Young Woman in a Black Hat on a Balustrade

Canvas

This painting by Caesar Boetius van Everdingen is a puzzle. The lack of attribute, background landscape and narrative context do not assist its interpretation. It shows a young woman wearing an unusually shaped hat and cloaked in a grey cape. The figure leans against a balustrade, perhaps a fence, her gaze lowered, her right hand pointing down, whilst her posture offers a tantalising view of her ample décolleté. There is no pictorial space – no fore, middle or background – and no landscape. One only sees a cloudy blue-grey sky against which the figure in her hat casts a tense silhouette. The absence of pictorial space intensifies the striking presence of the sculptural figure, strongly modeled in light and dark and yet whose warm incarnation is depicted with flowing, delicate brushstrokes.

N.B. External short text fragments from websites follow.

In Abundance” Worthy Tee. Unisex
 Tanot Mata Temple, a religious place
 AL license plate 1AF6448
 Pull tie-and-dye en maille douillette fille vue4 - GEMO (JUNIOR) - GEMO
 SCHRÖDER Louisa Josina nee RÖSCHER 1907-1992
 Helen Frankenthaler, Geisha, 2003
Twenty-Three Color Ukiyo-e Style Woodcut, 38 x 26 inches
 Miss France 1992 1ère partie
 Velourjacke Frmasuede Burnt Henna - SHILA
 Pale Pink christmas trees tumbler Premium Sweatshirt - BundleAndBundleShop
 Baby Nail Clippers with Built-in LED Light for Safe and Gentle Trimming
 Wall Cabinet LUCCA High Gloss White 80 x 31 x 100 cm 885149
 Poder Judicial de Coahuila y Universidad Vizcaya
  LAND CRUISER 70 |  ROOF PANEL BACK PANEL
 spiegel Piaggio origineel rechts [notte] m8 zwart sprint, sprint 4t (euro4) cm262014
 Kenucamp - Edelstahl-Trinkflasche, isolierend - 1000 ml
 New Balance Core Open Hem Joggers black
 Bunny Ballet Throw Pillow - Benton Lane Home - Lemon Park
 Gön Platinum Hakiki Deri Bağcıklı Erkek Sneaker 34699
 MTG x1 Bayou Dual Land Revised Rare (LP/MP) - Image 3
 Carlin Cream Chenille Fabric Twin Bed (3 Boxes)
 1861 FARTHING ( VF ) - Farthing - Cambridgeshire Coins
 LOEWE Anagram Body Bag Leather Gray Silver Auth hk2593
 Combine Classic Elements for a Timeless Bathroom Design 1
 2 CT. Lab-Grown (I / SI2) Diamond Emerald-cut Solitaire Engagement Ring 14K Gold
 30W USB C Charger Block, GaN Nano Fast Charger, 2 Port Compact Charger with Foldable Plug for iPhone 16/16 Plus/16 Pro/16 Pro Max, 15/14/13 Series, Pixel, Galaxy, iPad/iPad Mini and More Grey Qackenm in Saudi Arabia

Paul Huys Janssen (see expertise) dates the work to between 1650 and 1655 and compares it to other female half figures by van Everdingen from this period. In the light of the missing pictorial space and the ostensible view from below, Huys Janssen suggested this work could be a supraporte or ceiling painting. Albert Blankert (email from 23.6.2011) has suggested that the painting is a tronie. At its last auction, the figure was interpreted as a peasant woman whilst the exotic costume was seen in connection with the artist’s sojourn in France.